Vers la fin du 18e siècle, l’Angleterre connaissait deux systèmes pénitentiaires.
Le premier organisait le châtiment des sans-emplois et des ouvriers ambulants dans des maisons de correction élisabéthaines situées en dehors de la capitale.
Le second gérait l’incarcération au coeur même de la cité. Newgate était alors la prison la plus importante intra muros et, à partir de 1783, ce fut également l’endroit où se tenaient les pendaisons publiques. Avant cela, les condamnés à mort étaient pendus à Tyburn, non loin de la localisation actuelle de Marble Arch.
Le bagne américain
Comme la population carcérale ne cessait de croître, les autorités commencèrent à envoyer au bagne le surplus de condamnés. Au début c’est en Amérique du Nord qu’ils furent exilés, pendant 7 ans pour des infractions mineures et à vie pour les condamnés à mort. Cette destination coloniale dut être abandonnée lors la Révolution américaine (1775-1783).
Une véritable crise de capacité frappa alors le monde pénitentiaire. Jusqu’à 1000 nouvelles places étaient nécessaires chaque année, bien trop pour l’infrastructure en place. Au lieu de construire de nouvelles prisons, le gouvernement se lança à la recherche de nouvelles destinations pour les condamnés.
Direction l’Australie
En janvier 1787 on décida d’envoyer les prisonniers vers le New South Wales en Australie. Près de 160.000 hommes, femmes et enfants furent ainsi envoyés aux antipodes.
Épaves pénitentiaires
Une autre solution contre le surpeuplement des prisons fut l’emprisonnement des condamnés sur la Tamise, dans les épaves de vieux navires de guerre désarmés: les pontons. Certains purgèrent toute leur peine sur ces carcasses de navires tandis que d’autres y furent incarcérés en attendant l’exil. Prévues à l’origine comme simples solutions temporaires, ces prisons de fortune perdurèrent pendant quatre-vingt longues années. Les premières épaves pénitentiaires furent amarrées sur la Tamise non loin de Woolwich, dans l’est de Londres.
Travaux forcés
Alors que le transport des prisonniers vers l’Amérique et l’Australie coûtait au final très peu à la Couronne, leur logement sur ces pontons s’avérait particulièrement onéreux.
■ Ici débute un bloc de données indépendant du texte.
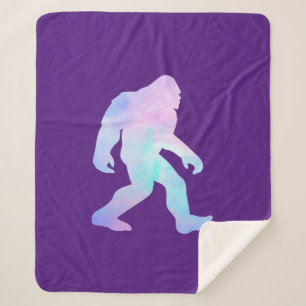 Watercolor Bigfoot   Sherpa Blanket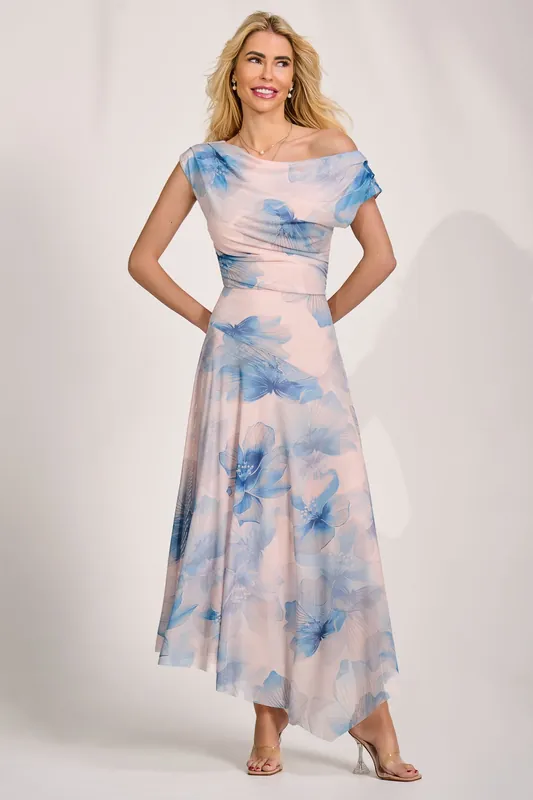 Asymmetric Draped Mesh Maxi Dress - Jolie Moi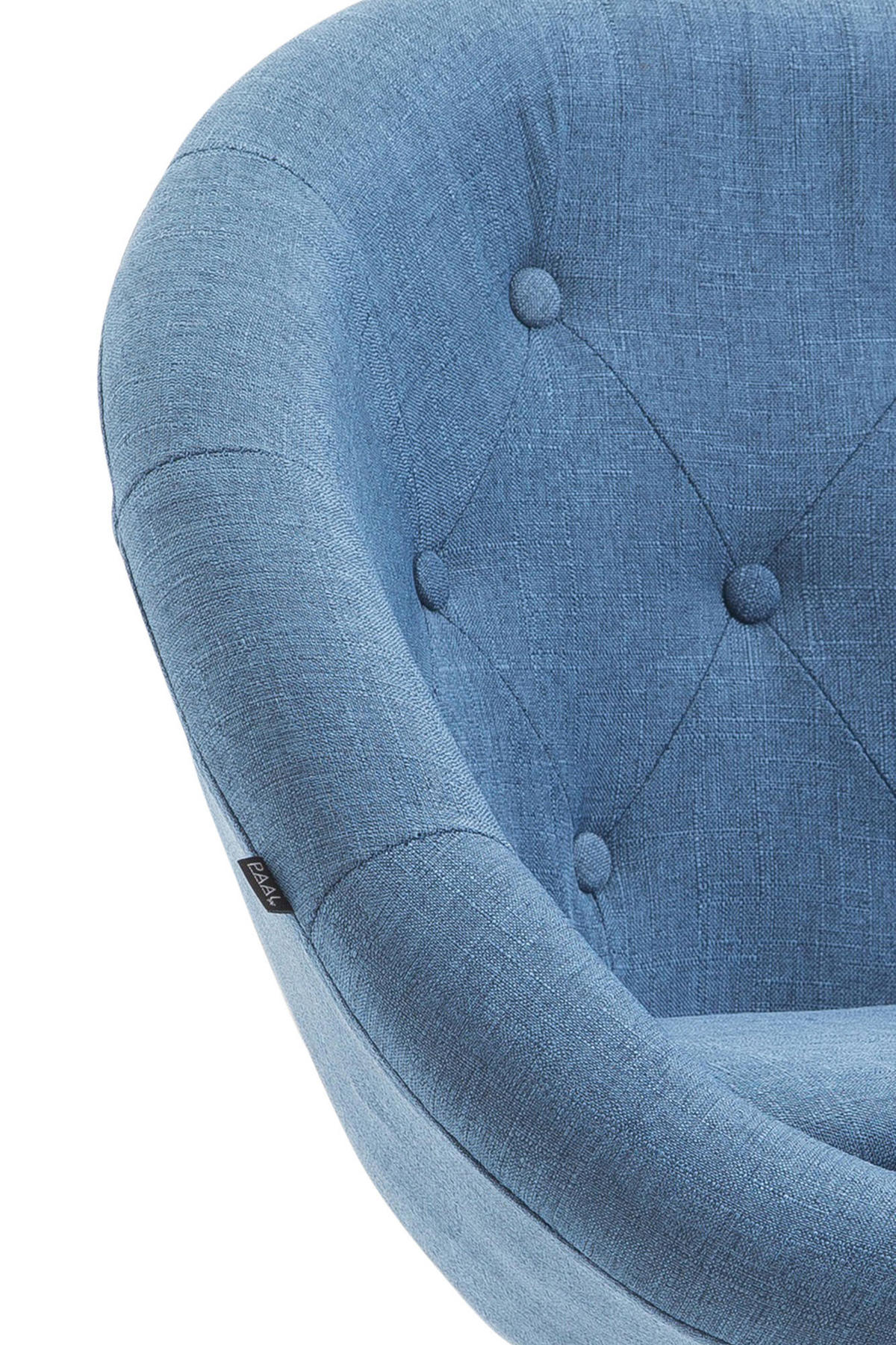 BARHOCKER Stoff blau - Blau/Schwarz, Textil/Metall (65/107/57cm) - CLP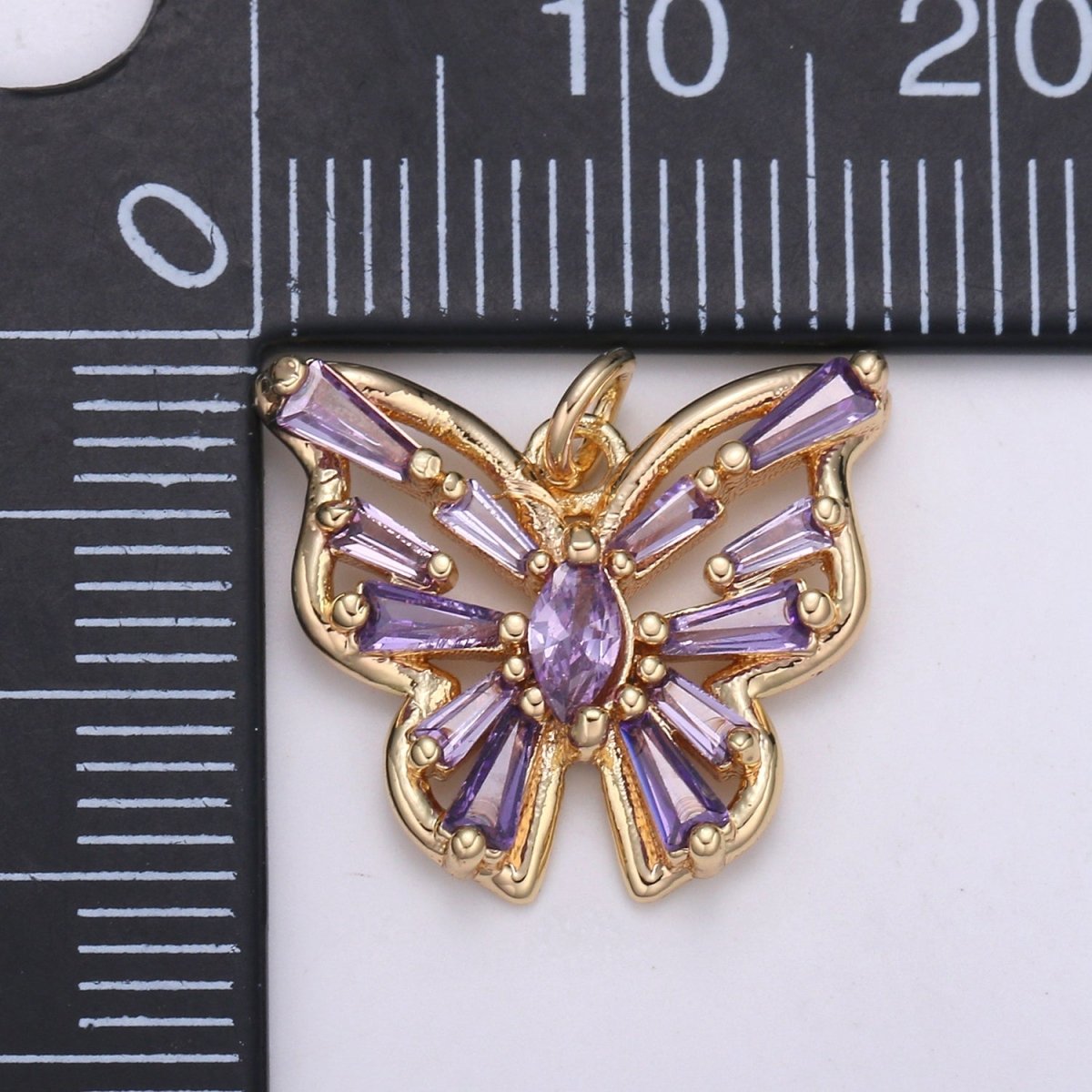Gold Filled Clear, Pink, Purple Baguette Butterfly Wings Mini Charm  E-101 - E-102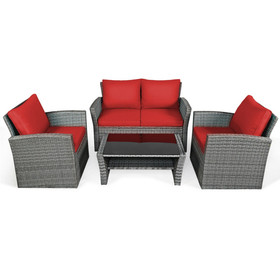 Costway 89105734 4 Pieces Patio Rattan Furniture Set Sofa Table with Storage Shelf Cushion-Red
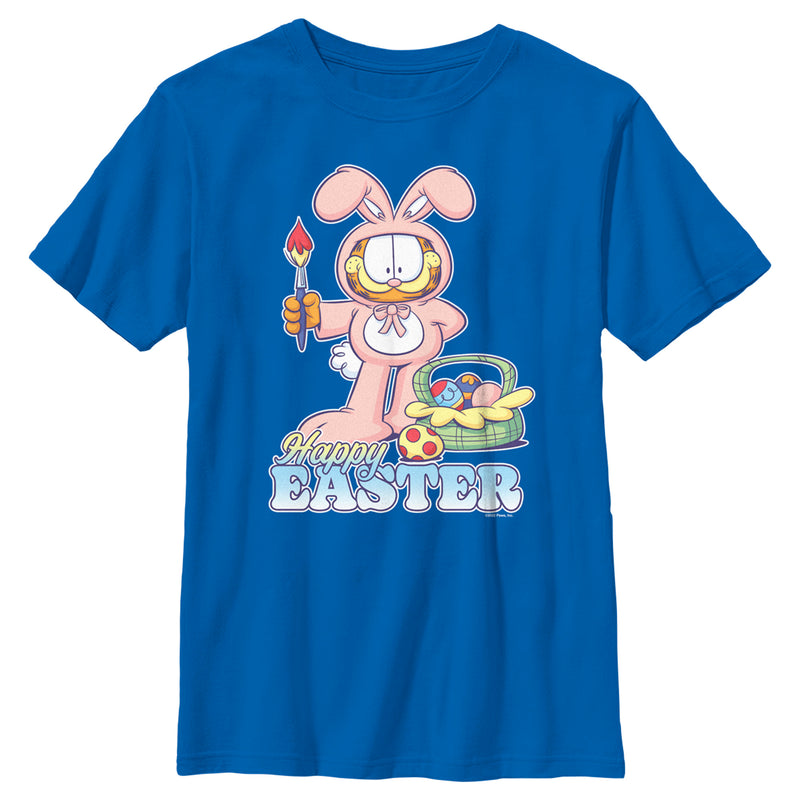 Boy's Garfield Happy Easter Bunny Ears Cat T-Shirt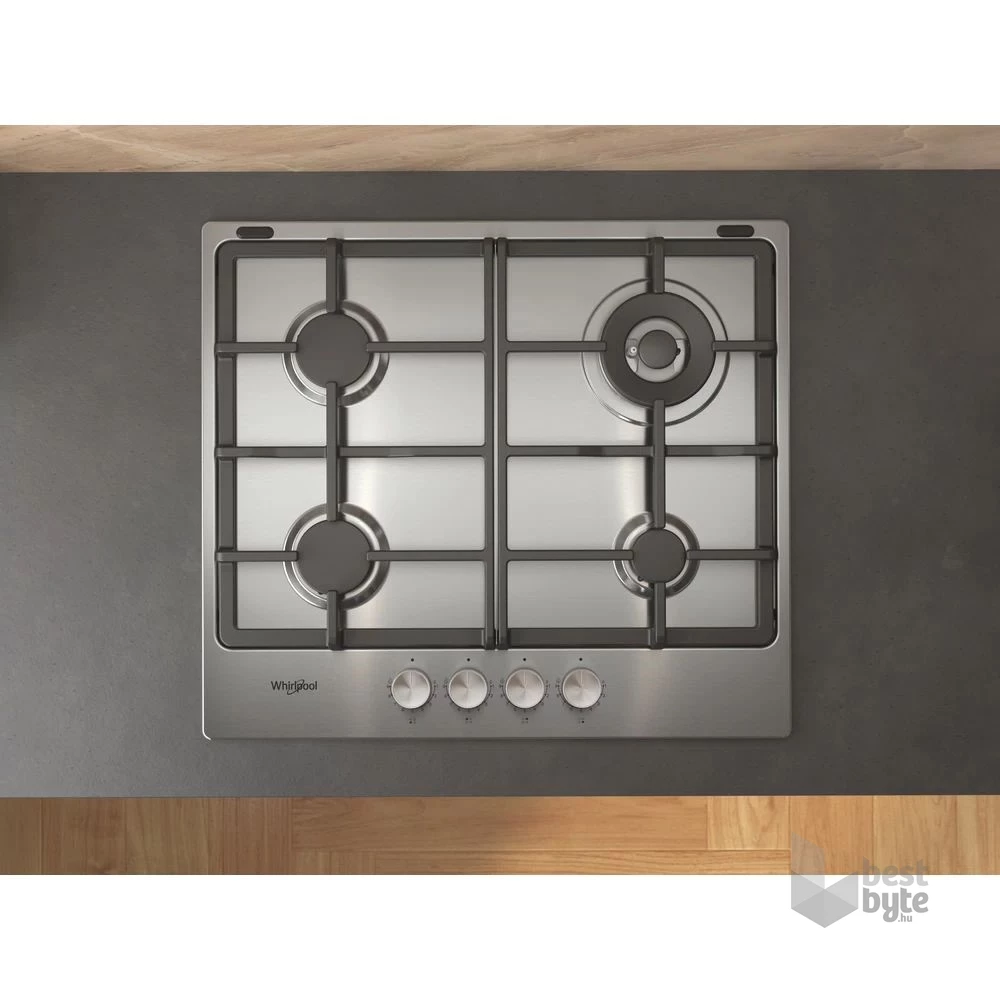 Whirlpool TKRL 661 IX EU inox, beépíthető, gáz, főzőzóna: 3 +1 wok égőfej, beépíthető méret: 56cm, főzőlap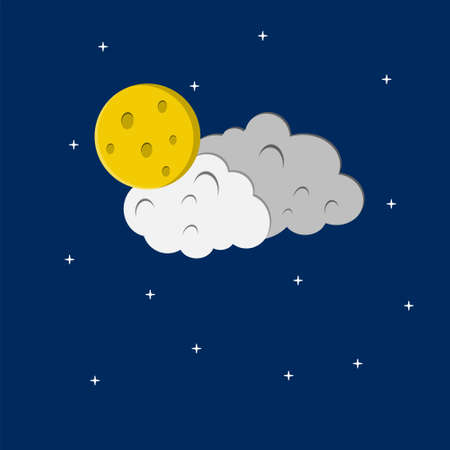 Flat style illustration orange moon stars and orange clouds background design. Good to use for banner, social media template, poster and flyer template, etc.のイラスト素材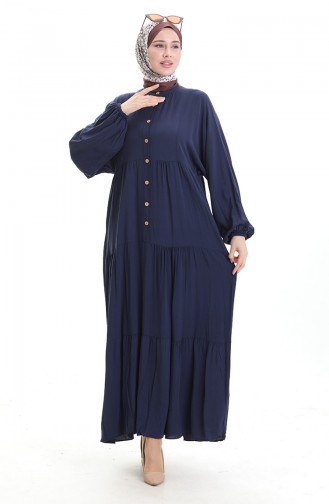 Dunkelblau Hijab Kleider 0090-03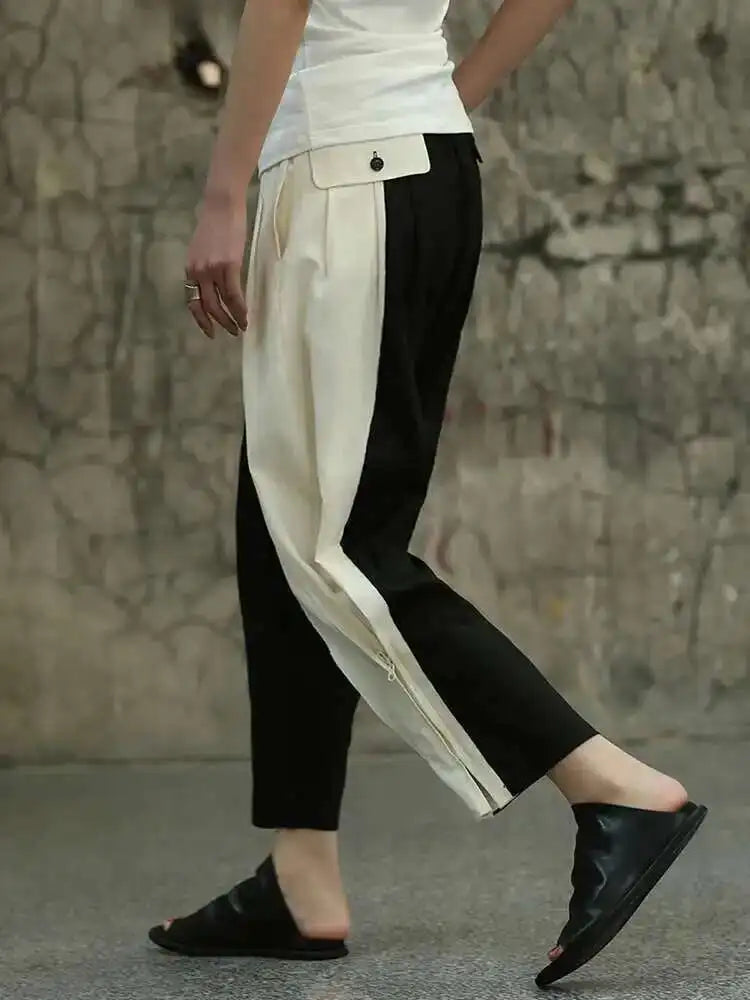 High Waist Black Color-block Drawstring Long Pants New Loose Fit Trousers Women Fashion Tide Spring Autumn 2025 1DF7980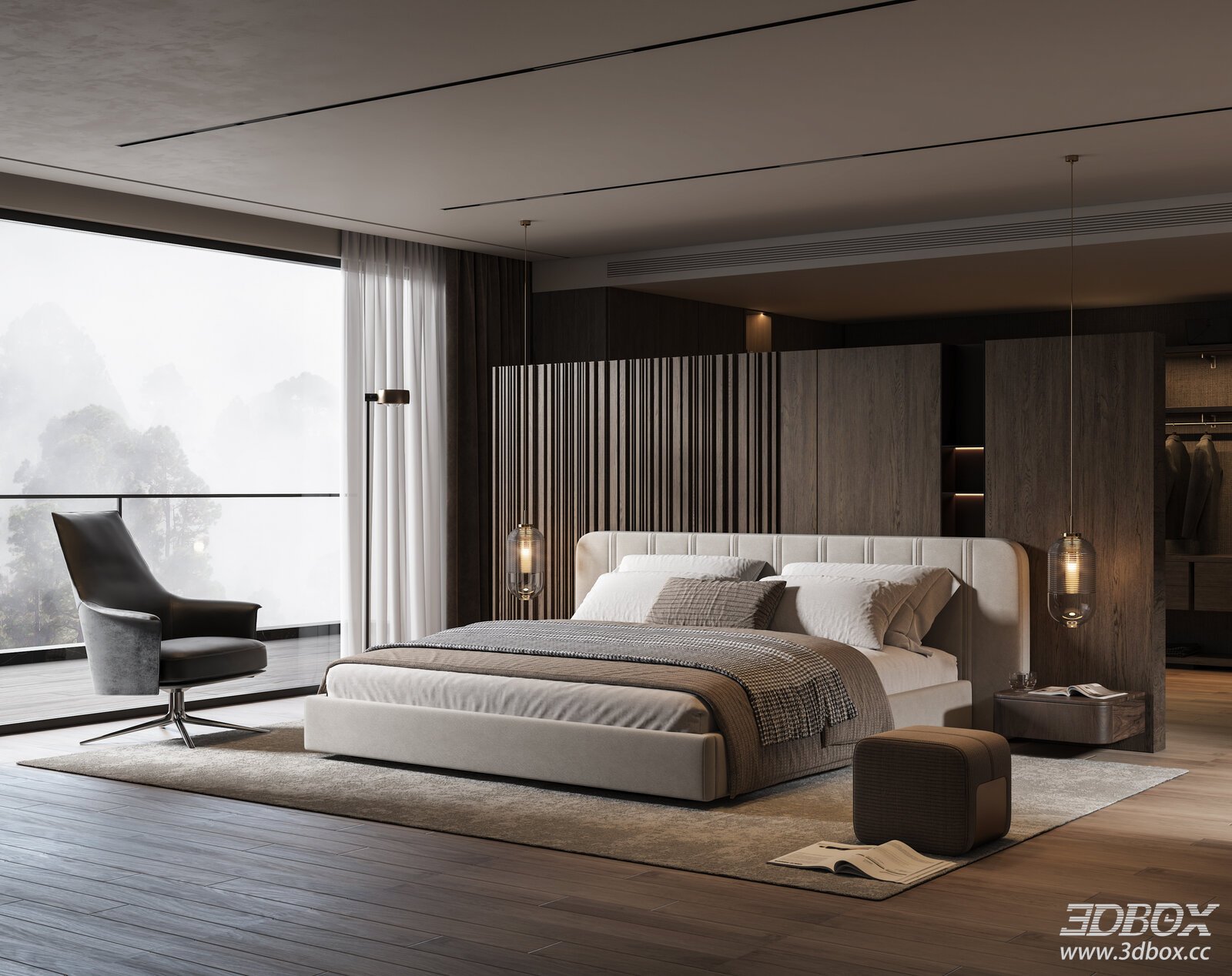 Minotti Modern Bedroom 3D model - front view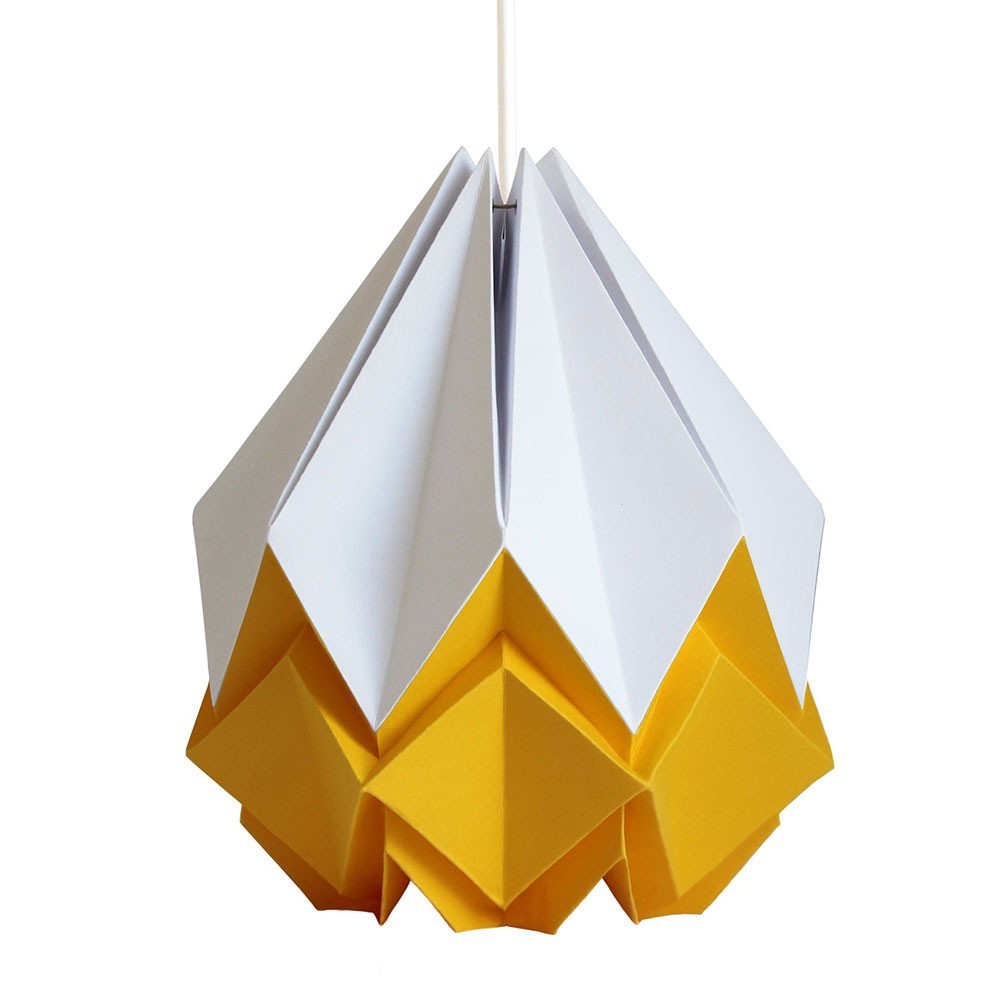 Lámpara colgante Hanahi papel blanco y amarillo dorado Tedzukuri Atelier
Afin de couvrir les frais, les autorités introduisirent les travaux forcés et les prisonniers furent mis à contribution dans le développement de la Tamise. Ils assurèrent par exemple les travaux de dragage, nécessaires pour garantir le passage des navires. Les détenus furent également réquisitionnés pour l’expansion de l’arsenal de Woolwich et des quais avoisinants. D’autres devaient enfoncer des piliers dans la vase afin de protéger les berges contre l’érosion.
Les conditions de vie à bord de ces épaves pénitentiaires étaient effroyables. Un manque total d’hygiène était source constante d’infections. Les malades ne recevaient pour ainsi dire aucun traitement et n’étaient pas mis en quarantaine. Le typhus, la dysenterie et d’autres épidémies étaient monnaie courante. Le taux de mortalité sur ces épaves était d’environ 30%. Entre 1776 et 1795, 2000 détenus perdirent la vie dans les prisons de la Tamise.
Lors des fortes chaleurs d’été, une odeur répugnante se dégageait ce ces geôles flottantes, véritables bidonvilles à quelques encablures du rivage.
Ce n’est qu’en 1779 qu’un certain John Howard commença à s’insurger contre l’utilisation de ces pontons. Il était en faveur de grandes prisons ouvertes où les prisonniers pourraient être mis au travail mais bénéficieraient d’une cellule individuelle. C’est ainsi qu’après des années de lobbying, la prison de Millbank fut construite en 1816. L’incendie du ponton Defense en 1857 au large de Woolwich marqua la fin de cette pratique carcérale.